What amazed me the most was how he made himself a “genius” through hard, dedicated work.
(if I got any of the things below factually wrong, please let me know!)
Vincent Van Gogh was prolific. He “shipped” a lot of paintings, and did a lot of exercises to improve his technique. His time went into painting. Subsidized by his brother Theo, Vincent Van Gogh didn’t have a day job and could fully focus on creating art.
He improved his craft beyond his personal limits and beyond the contemporary limits. He practices to paint mundane things like a forearm, in order to get the details right. He practices different types of strokes - short, long, dots, curved, straight. He tries out different color combinations. The strength of his technique allowed him to do novel things - wet-on-wet painting, and using sparse heavy brush strokes.
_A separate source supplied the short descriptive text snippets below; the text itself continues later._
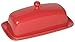 Now Designs Stoneware Rectangle Butter Dish with Lid, Red 4.5 x 8 in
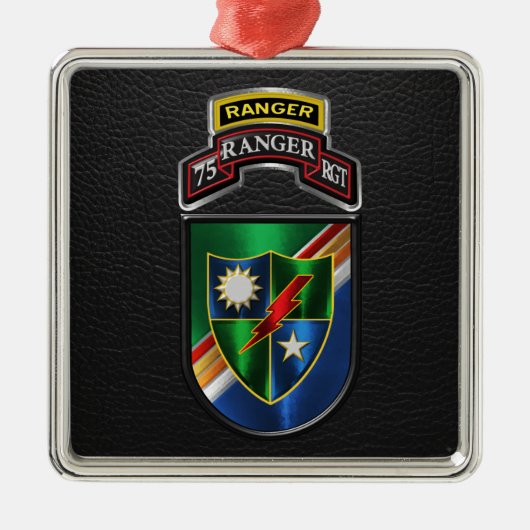 75e Ranger Regiment Kerstmis Metalen Ornament (Voorkant)
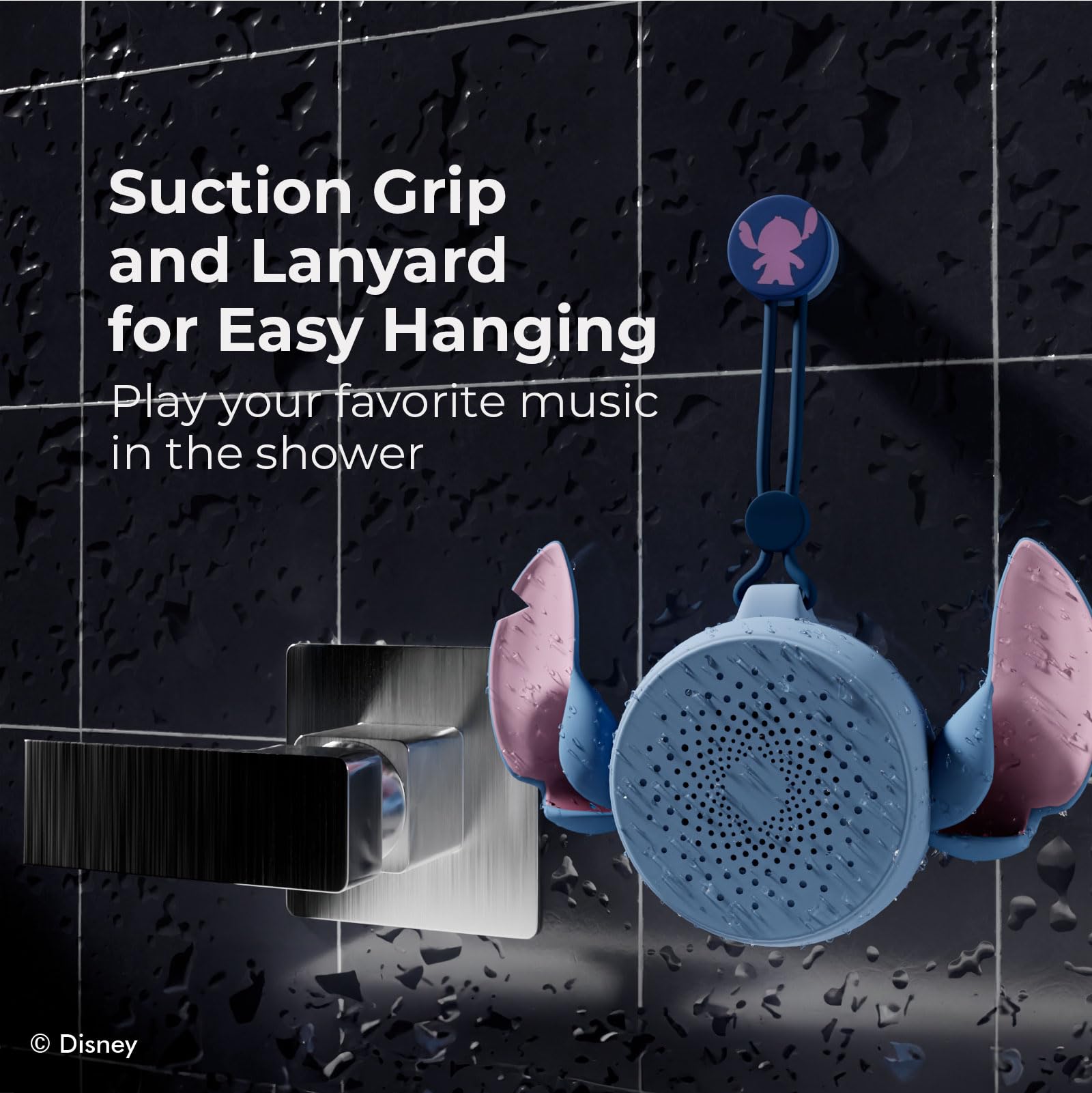 Ijoy Disney Lilo And Stitch Bluetooth Shower Speaker With Suction Cup - Ipx4 Rated Water Resistant Stitch Speaker For Shower, Ba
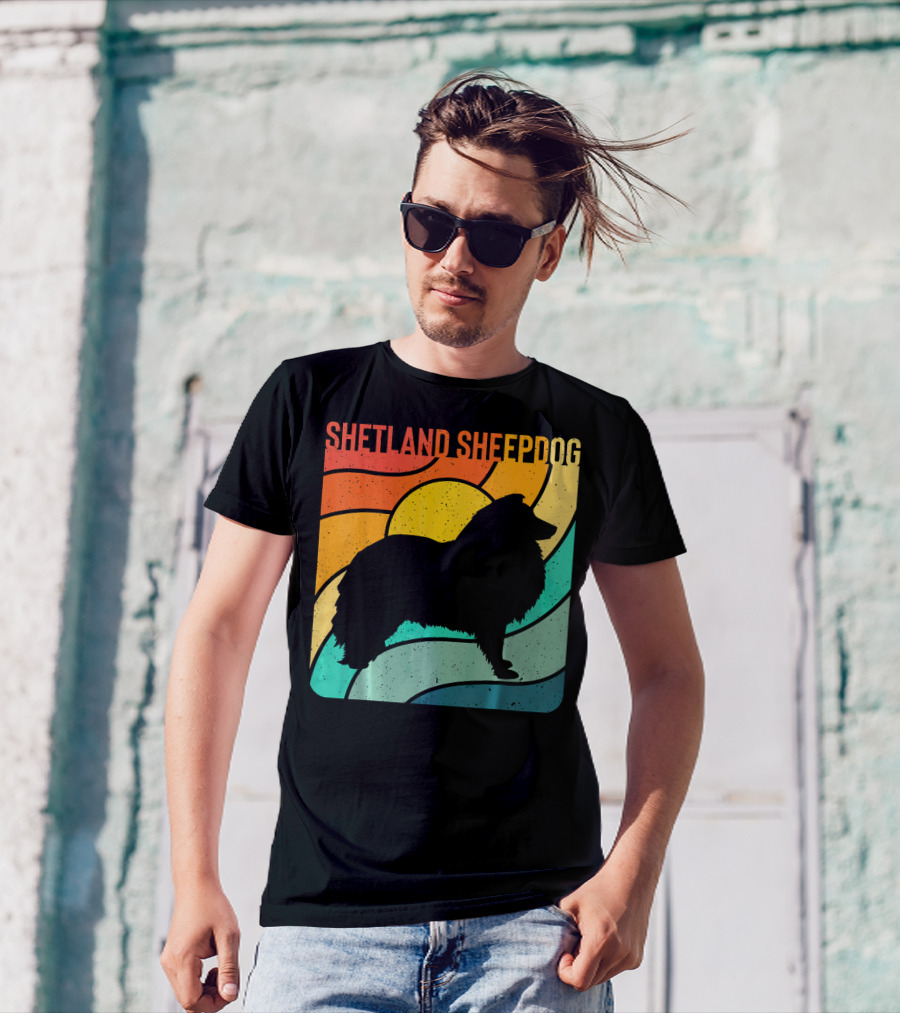 Shetland Sheepdog Silhouette Retro Sunset T-Shirt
While he cared about the “craft”, he cared even more about the actual result and product of the painting. Van Gogh really cared about the target of his painting. He was fond of the rural life and people and really cared about portraying them and their life in his canvas. He wanted to portray things in their essence. His paintings send emotions to me, and I know nothing about painting technique. And generally don’t care. People don’t care about how hard it was for the painter to make the painting, the care about how it makes them feel.
Van Gogh was resourceful! When he didn’t have subjects available, he painted self portraits, instead of despairing or procrastinating. I don’t really know history of Art, but I wouldn’t be surprised, if Van Gogh was the person who took the highest number of selfies up until his time.
He started painting in his late twenties and there has been only a decade from his beginning to paint, to reaching world class level. His prolificness, mastery of the craft, resourcefulness and caring about the product made him reach such a high level so quickly.
Van Gogh was great despite his mental illness. He didn’t get “lucky” to become more creative from his illness. He got unluckly to lose his wits when he was doing state of the art work. After the begining of his illness, he was using his art to fight insanity. He put a lot of deliberate effort into becoming a great painter, and just when he was innovative, an unknown mental illness brought him down, as he painted on average a masterpiece per day.
To me, his fight with insanity is his biggest masterpiece.